The actor grew up poor, got rich, then lost everything backing the 2019 Homeless World Cup. Now he’s giving away more of his money to help 900 total strangers. Doesn’t he think he’s done enough?

The Guardian
@bean i have an answer but people hate hearing it

@bean If I had money, I'd be drive-by whaling on Kickstarters. Need $50k to get your cool project over the top? [click] Have fun!

Probably why I don't have money.

@bean Empty like a black hole.

Like, aggressively empty.

A person doesn't become a billionaire without that emptiness.

@bean
They didn't get stupidly rich being fun-loving creative people. They're a bunch of miserable, selfish bastards.

@bean

The robber barons of the previous Gilded Age were utter bastards, but at least some of them were philanthropists. The Carnegie Libraries, for example.

It might not have stopped his soul from burning in Hell, but it was a nice gesture.
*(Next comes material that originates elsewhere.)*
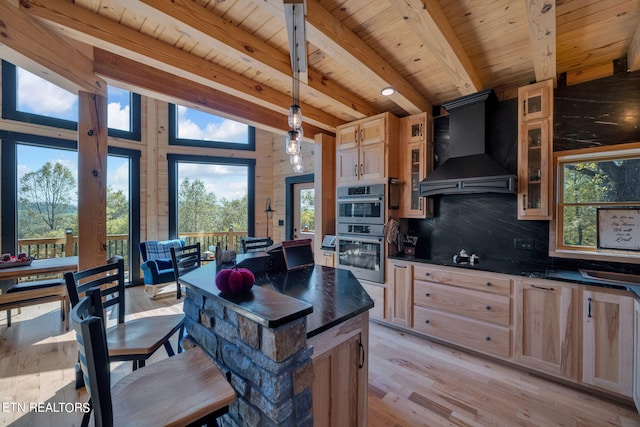 kitchen featuring beamed ceiling, custom exhaust hood, stainless steel double oven, and plenty of natural light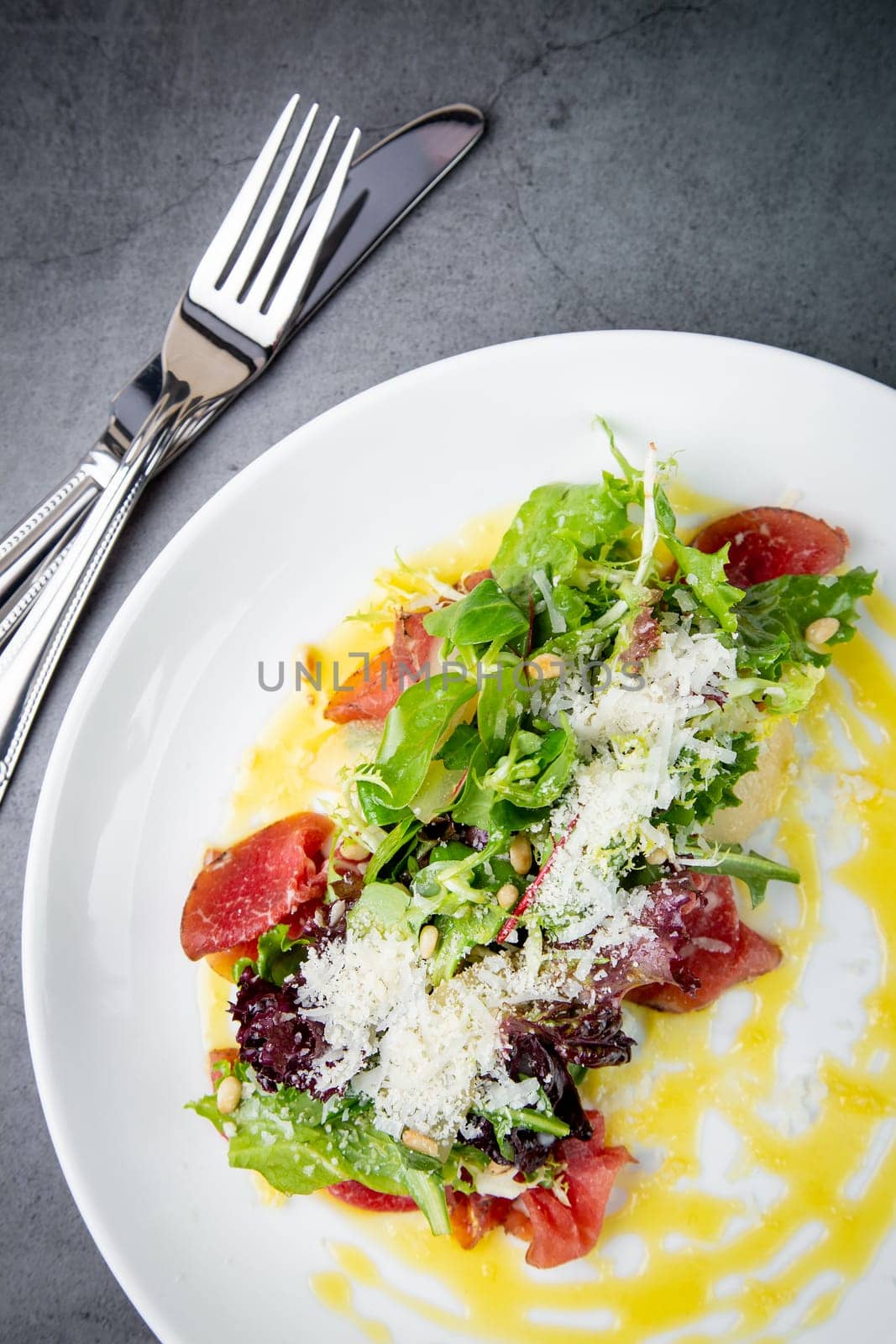 side view of salad with red fish, herbs and cheese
https://en.wikipedia.org/wiki/Carnegie_library

Carnegie library - Wikipedia

@bean i would SO shamelessly buy everyone's affection if I were rich lmao
@bean The process involved in having and making that much money kills them inside - little imagination, and they think that the only thing worth doing is to 'impress' others by doing the same sort of things as others with loadsa cash. They're under the impression that it impressed normal people - the same attitude that says that driving around in a noisy car with a personalised numberplate makes them look big. But most people could tell them it just makes them look a big wanker.
@bean we should stop waiting for billionaires to do something good with their money, and just take their money to fund something good. beauty. and health. and decent life. for everyone.
not all their money, just a small part. let's say 5%.
they'd still be billionaires, we'd be a better society, we might even help the environment getting better for mankind, in the process.

@bean

Their mountain of trash has to be bigger than the next guy's mountain of trash.

That's all there is.

They are profoundly sick.

@bean Attention is a limited resource; if all your attention is on making more money there's little time to focus on the meaningful stuff.

Musk doesn't dance.

@bean I know if I had more money than Smaug I would buy properties in an overpriced rental area and rent them out at lower rents - make them affordable. And hope to drive all rents down.

Then move onto somewhere else and do the same.

I would sponsor local events and make them free. I would sponsor festivals and make sure that they could attract the bands they want. I would go to loads of festivals and look for new causes to support.

I would have the most amazing fun. And make sure others had a good life.

I would always be looking for other places to help - not just wherever I was living.

@bean I would commission the construction of the world's largest ever needle. And then I would rent a small camel to ride through the eye.

Because what's the point of being obscenely rich if you can't troll the world with it?

@bean

I think the boring (and often bullying and fascist) billionaires are just the one's you read about. I'm sure there are vast amounts of rich people that simply do stuff, but don't post about it and don't have newspapers do homestories.

We had a local billionaire who had to be convinced that a lecture hall should be named after him, and it's a small plaque and the name isn't really used. He gave ~15b€ to a foundation for the benefit of science.

@bean like the Medici. very bad people with way too much money and power but at least we have some amazing art and architecture because of them
@bean You don't get that rich by being a good person.